:: About this task ::
Exactly as written, set down every entry once more.

:: The input ::
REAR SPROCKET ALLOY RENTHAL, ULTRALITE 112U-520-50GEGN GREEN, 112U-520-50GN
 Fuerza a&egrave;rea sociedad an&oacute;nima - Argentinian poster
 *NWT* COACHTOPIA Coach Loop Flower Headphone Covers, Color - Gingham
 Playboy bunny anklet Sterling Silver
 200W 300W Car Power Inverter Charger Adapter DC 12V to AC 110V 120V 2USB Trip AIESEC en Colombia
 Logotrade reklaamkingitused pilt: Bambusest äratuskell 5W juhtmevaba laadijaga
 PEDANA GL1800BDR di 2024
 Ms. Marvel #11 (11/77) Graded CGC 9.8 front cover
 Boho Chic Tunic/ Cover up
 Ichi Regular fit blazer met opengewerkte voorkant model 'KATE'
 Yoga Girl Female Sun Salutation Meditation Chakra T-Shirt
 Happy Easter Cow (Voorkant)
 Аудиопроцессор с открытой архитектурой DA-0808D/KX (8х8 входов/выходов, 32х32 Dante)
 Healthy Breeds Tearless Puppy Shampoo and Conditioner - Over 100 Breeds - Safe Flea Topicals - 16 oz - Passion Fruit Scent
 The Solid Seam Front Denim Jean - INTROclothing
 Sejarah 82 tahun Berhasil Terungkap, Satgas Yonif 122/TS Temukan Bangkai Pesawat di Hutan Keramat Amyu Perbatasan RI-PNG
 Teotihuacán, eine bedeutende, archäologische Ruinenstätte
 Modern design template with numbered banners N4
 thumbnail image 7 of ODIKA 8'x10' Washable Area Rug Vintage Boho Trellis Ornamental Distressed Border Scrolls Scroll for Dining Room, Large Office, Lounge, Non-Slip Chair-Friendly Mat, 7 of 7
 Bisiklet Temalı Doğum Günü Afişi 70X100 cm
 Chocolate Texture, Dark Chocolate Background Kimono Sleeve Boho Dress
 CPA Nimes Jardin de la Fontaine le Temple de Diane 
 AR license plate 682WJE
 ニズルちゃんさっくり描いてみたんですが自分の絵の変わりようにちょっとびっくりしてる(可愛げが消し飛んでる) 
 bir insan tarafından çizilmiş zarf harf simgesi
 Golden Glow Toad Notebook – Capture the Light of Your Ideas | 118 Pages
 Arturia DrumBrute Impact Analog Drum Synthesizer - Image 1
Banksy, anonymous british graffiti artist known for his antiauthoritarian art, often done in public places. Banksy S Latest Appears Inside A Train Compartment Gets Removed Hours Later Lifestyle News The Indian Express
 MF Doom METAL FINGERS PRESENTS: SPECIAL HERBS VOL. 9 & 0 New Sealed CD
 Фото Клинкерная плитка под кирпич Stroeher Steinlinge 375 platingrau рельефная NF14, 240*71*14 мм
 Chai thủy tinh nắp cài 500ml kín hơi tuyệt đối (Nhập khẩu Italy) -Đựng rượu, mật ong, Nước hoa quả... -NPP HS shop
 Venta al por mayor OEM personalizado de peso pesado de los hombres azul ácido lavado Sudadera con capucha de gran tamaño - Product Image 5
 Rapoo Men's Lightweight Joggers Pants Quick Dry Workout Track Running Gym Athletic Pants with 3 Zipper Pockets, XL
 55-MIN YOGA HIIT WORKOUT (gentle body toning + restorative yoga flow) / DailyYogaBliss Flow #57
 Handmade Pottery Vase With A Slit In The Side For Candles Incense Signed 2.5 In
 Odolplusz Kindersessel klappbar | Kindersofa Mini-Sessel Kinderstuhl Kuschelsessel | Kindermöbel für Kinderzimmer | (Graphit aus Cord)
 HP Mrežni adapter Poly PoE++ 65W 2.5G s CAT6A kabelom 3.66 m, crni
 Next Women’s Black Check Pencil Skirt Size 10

:: The answer ::
REAR SPROCKET ALLOY RENTHAL, ULTRALITE 112U-520-50GEGN GREEN, 112U-520-50GN
 Fuerza a&egrave;rea sociedad an&oacute;nima - Argentinian poster
 *NWT* COACHTOPIA Coach Loop Flower Headphone Covers, Color - Gingham
 Playboy bunny anklet Sterling Silver
 200W 300W Car Power Inverter Charger Adapter DC 12V to AC 110V 120V 2USB Trip AIESEC en Colombia
 Logotrade reklaamkingitused pilt: Bambusest äratuskell 5W juhtmevaba laadijaga
 PEDANA GL1800BDR di 2024
 Ms. Marvel #11 (11/77) Graded CGC 9.8 front cover
 Boho Chic Tunic/ Cover up
 Ichi Regular fit blazer met opengewerkte voorkant model 'KATE'
 Yoga Girl Female Sun Salutation Meditation Chakra T-Shirt
 Happy Easter Cow (Voorkant)
 Аудиопроцессор с открытой архитектурой DA-0808D/KX (8х8 входов/выходов, 32х32 Dante)
 Healthy Breeds Tearless Puppy Shampoo and Conditioner - Over 100 Breeds - Safe Flea Topicals - 16 oz - Passion Fruit Scent
 The Solid Seam Front Denim Jean - INTROclothing
 Sejarah 82 tahun Berhasil Terungkap, Satgas Yonif 122/TS Temukan Bangkai Pesawat di Hutan Keramat Amyu Perbatasan RI-PNG
 Teotihuacán, eine bedeutende, archäologische Ruinenstätte
 Modern design template with numbered banners N4
 thumbnail image 7 of ODIKA 8'x10' Washable Area Rug Vintage Boho Trellis Ornamental Distressed Border Scrolls Scroll for Dining Room, Large Office, Lounge, Non-Slip Chair-Friendly Mat, 7 of 7
 Bisiklet Temalı Doğum Günü Afişi 70X100 cm
 Chocolate Texture, Dark Chocolate Background Kimono Sleeve Boho Dress
 CPA Nimes Jardin de la Fontaine le Temple de Diane 
 AR license plate 682WJE
 ニズルちゃんさっくり描いてみたんですが自分の絵の変わりようにちょっとびっくりしてる(可愛げが消し飛んでる) 
 bir insan tarafından çizilmiş zarf harf simgesi
 Golden Glow Toad Notebook – Capture the Light of Your Ideas | 118 Pages
 Arturia DrumBrute Impact Analog Drum Synthesizer - Image 1
Banksy, anonymous british graffiti artist known for his antiauthoritarian art, often done in public places. Banksy S Latest Appears Inside A Train Compartment Gets Removed Hours Later Lifestyle News The Indian Express
 MF Doom METAL FINGERS PRESENTS: SPECIAL HERBS VOL. 9 & 0 New Sealed CD
 Фото Клинкерная плитка под кирпич Stroeher Steinlinge 375 platingrau рельефная NF14, 240*71*14 мм
 Chai thủy tinh nắp cài 500ml kín hơi tuyệt đối (Nhập khẩu Italy) -Đựng rượu, mật ong, Nước hoa quả... -NPP HS shop
 Venta al por mayor OEM personalizado de peso pesado de los hombres azul ácido lavado Sudadera con capucha de gran tamaño - Product Image 5
 Rapoo Men's Lightweight Joggers Pants Quick Dry Workout Track Running Gym Athletic Pants with 3 Zipper Pockets, XL
 55-MIN YOGA HIIT WORKOUT (gentle body toning + restorative yoga flow) / DailyYogaBliss Flow #57
 Handmade Pottery Vase With A Slit In The Side For Candles Incense Signed 2.5 In
 Odolplusz Kindersessel klappbar | Kindersofa Mini-Sessel Kinderstuhl Kuschelsessel | Kindermöbel für Kinderzimmer | (Graphit aus Cord)
 HP Mrežni adapter Poly PoE++ 65W 2.5G s CAT6A kabelom 3.66 m, crni
 Next Women’s Black Check Pencil Skirt Size 10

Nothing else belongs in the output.